**INPUT RECORDS:**
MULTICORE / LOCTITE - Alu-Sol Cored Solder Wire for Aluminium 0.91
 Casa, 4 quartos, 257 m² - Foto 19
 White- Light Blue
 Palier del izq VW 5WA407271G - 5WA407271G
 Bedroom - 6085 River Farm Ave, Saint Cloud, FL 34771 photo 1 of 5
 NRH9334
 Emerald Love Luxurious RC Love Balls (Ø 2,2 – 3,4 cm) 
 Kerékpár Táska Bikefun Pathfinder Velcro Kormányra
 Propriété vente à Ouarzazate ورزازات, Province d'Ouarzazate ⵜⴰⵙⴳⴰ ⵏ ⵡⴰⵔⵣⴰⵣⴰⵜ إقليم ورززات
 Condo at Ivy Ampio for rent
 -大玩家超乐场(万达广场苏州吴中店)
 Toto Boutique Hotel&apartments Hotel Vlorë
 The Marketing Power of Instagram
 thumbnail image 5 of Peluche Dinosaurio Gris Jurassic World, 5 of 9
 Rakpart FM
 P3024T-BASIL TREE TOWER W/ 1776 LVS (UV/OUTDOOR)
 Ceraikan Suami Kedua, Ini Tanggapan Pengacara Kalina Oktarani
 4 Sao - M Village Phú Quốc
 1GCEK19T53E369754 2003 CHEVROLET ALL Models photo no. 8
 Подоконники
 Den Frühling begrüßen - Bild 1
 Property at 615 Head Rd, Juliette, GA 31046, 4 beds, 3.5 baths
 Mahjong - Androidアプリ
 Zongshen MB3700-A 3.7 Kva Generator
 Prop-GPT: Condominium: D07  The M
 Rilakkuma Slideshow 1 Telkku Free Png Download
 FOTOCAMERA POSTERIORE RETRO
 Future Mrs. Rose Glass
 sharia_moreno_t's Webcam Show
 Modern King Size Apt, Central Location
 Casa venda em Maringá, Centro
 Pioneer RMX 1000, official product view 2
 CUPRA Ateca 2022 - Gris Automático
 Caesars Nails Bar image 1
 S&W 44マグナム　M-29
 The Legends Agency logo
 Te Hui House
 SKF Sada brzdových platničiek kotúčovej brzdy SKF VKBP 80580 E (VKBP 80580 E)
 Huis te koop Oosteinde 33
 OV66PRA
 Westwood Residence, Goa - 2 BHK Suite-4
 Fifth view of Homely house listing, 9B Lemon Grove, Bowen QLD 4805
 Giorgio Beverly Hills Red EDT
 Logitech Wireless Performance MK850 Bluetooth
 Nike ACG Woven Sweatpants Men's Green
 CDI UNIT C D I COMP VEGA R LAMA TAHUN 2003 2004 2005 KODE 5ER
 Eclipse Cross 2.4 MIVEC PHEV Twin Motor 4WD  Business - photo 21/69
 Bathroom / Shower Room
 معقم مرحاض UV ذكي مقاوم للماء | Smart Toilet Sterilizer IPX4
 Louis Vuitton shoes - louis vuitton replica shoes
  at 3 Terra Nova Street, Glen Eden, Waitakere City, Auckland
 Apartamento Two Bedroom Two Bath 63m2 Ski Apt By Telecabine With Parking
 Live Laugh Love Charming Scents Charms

**WHAT NEEDS TO BE DONE:** Nothing but the lines from the one holding "Prop-GPT: Condominium: D07" through the end of the listing above should appear, each exactly as given.

**ANSWER TO THE PROBLEM:**
 Prop-GPT: Condominium: D07  The M
 Rilakkuma Slideshow 1 Telkku Free Png Download
 FOTOCAMERA POSTERIORE RETRO
 Future Mrs. Rose Glass
 sharia_moreno_t's Webcam Show
 Modern King Size Apt, Central Location
 Casa venda em Maringá, Centro
 Pioneer RMX 1000, official product view 2
 CUPRA Ateca 2022 - Gris Automático
 Caesars Nails Bar image 1
 S&W 44マグナム　M-29
 The Legends Agency logo
 Te Hui House
 SKF Sada brzdových platničiek kotúčovej brzdy SKF VKBP 80580 E (VKBP 80580 E)
 Huis te koop Oosteinde 33
 OV66PRA
 Westwood Residence, Goa - 2 BHK Suite-4
 Fifth view of Homely house listing, 9B Lemon Grove, Bowen QLD 4805
 Giorgio Beverly Hills Red EDT
 Logitech Wireless Performance MK850 Bluetooth
 Nike ACG Woven Sweatpants Men's Green
 CDI UNIT C D I COMP VEGA R LAMA TAHUN 2003 2004 2005 KODE 5ER
 Eclipse Cross 2.4 MIVEC PHEV Twin Motor 4WD  Business - photo 21/69
 Bathroom / Shower Room
 معقم مرحاض UV ذكي مقاوم للماء | Smart Toilet Sterilizer IPX4
 Louis Vuitton shoes - louis vuitton replica shoes
  at 3 Terra Nova Street, Glen Eden, Waitakere City, Auckland
 Apartamento Two Bedroom Two Bath 63m2 Ski Apt By Telecabine With Parking
 Live Laugh Love Charming Scents Charms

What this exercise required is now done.